HDMI 1.3 adds higher resolutions, including 2,560 by 1,600 pixels. Nice, but nothing to do with home theatre. The highest bandwidth video available from a Blu-ray player is 1080p60, and that was supported way back with HDMI 1.0.
HDMI 1.3 also added bitstream support for Dolby TrueHD and DTS-HD Master Audio. Guess what: the maximum audio bandwidth for all versions of HDMI, including 1.3, remains the same. Because even HDMI 1.0 supported 8 channels of 192kHz, 24 bit LPCM. All forms of TrueHD and DTS-HD make significantly lower demands on bandwidth than that (they are compressed formats that typically require about half the dataspace of the LPCM streams that they carry). The change to allow these formats had nothing to do with bandwidth, but with the electronics at either end of the cable recognising these formats and dealing with them appropriately. Same as when DSD bitstream support was introduced in HDMI 1.2, and DVD Audio support in HDMI 1.1.
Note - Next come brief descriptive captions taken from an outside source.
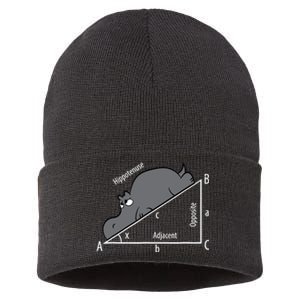 Funny Math Humor Hippotenuse Hypotenuse Funny Sustainable Knit Beanie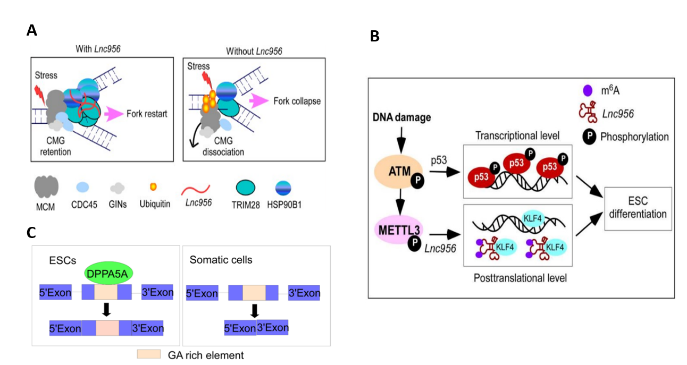 电子游戏app下载安装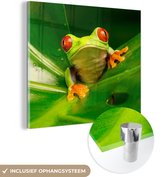 Peinture sur Verre - Grenouille - Feuilles - 20x20 cm - Peintures sur Verre Peintures - Photo sur Glas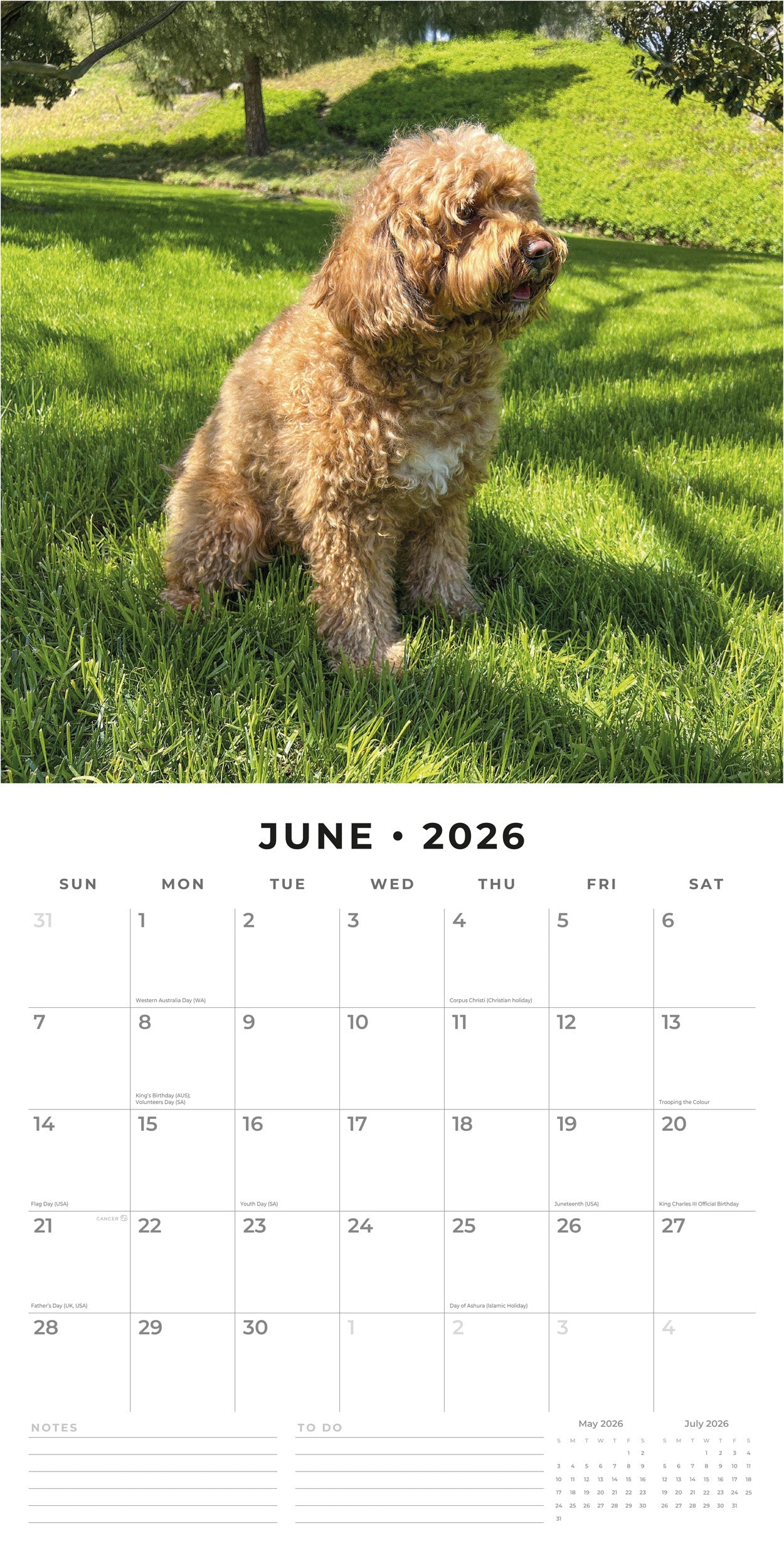 2026 Cavapoos - Square Wall Calendar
So, to summarise, if you have a cable that properly supports HDMI 1.0, it will properly support HDMI 1.3 as experienced in the real world of home theatre. Conversely, if you have one that doesn’t work with HDMI 1.3, then the cable is defective and probably won’t work with some material as transported by HDMI 1.0. The only division between the two could be if you have 36 bit colour switched on in your Blu-ray player.
As always, you should be aware of quality and brand reputation. Over two years ago I found that one of my cables wouldn’t even support the full HDMI specification. It carried 1080i video fine, but fell apart with 1080p. So choose carefully, but looking specifically for ‘HDMI 1.3’ isn’t the way to do it.